In short: What is the best way to write and debug PostgreSQL queries that make use of procedural programming techniques (e.g. using pl/pgsql)? I'm pretty new to writing these types of procedural queries so apologies in advance if there is a really simple solution I haven't found.
Specifics: I am writing some (relatively) complex SQL queries that make use of existing pl/pgsql functions and ideally would make use of lots of variables to make the query easy to debug and modify. (The example code below is deliberately simple; my actual use cases are much more complicated.)
My first solution was to embed everything inside a function, but this is clunky. Since I have to declare the return type explicitly, it makes modifying the code a pain:
CREATE OR REPLACE FUNCTION
my_schema.my_fcn()
RETURNS TABLE(user_id integer,
id integer,
created_at timestamp) AS
$BODY$
DECLARE
_id_select integer = 10;
BEGIN
RETURN QUERY
SELECT
user_id,
id,
created_at
WHERE id = _id_selector
-- possibly a ton of other complicated stuff involving other functions and variables
FROM my_schema.my_other_fcn()
END;
$BODY$
LANGUAGE plpgsql;
(Edit: Made the query slightly more nontrivial.)

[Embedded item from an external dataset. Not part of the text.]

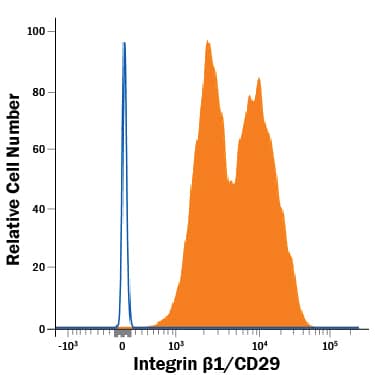 Human peripheral blood mononuclear cells (PBMCs) were stained with Mouse Anti-Human Integrin  beta 1/CD29 PE-conjugated Monoclonal Antibody (Catalog # FAB17781P, filled histogram) or isotype control antibody (Catalog # IC002P, open histogram). View our protocol for Staining Membrane-associated Proteins.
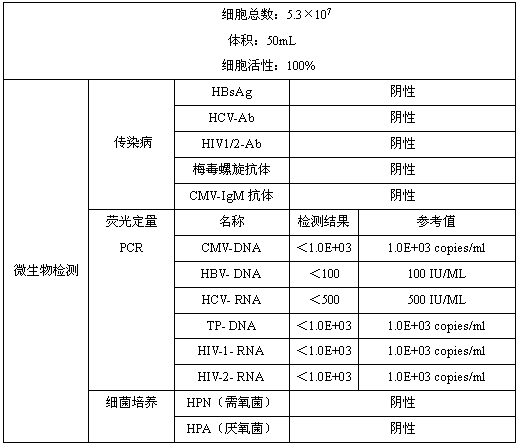 Preparation method of fresh mesenchymal stem cells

Now suppose I want to add order_total
to my query and get rid of id
: Then I have to modify the return type. This is going to happen a lot, and its annoying to have to change the return type over and over.
The next solution I tried was to NOT use a function, and try something along these lines: How can I execute pl/pgsql code without creating a function? This does not work either:
DO $$
DECLARE
_id_select integer = 10;
BEGIN
SELECT
user_id,
id,
created_at
WHERE id = _id_selector
-- possibly a ton of other complicated stuff involving other functions and variables
FROM my_schema.my_other_fcn()
END $$;
The resulting error:
ERROR: query has no destination for result data
HINT: If you want to discard the results of a SELECT, use PERFORM instead.
CONTEXT: PL/pgSQL function inline_code_block line 4 at SQL statement
********** Error **********
ERROR: query has no destination for result data
I do not want to use PERFORM
because, actually, I do want to see the result of the query.
Is there a graceful and/or standard solution to this type of SQL programming?
Why you don't call plpgsql function directly?
do only:
I don't like a this style of plpgsql programming - wrapping queries. You can block very effective planner - because plpgsql function is black box for optimizer - so you can expect terrible performance issues on large data. PLpgSQL functions should not to substitute a views.
Statement DO should not to return any result. Simply - PostgreSQL functions should not to substitute PostgreSQL views.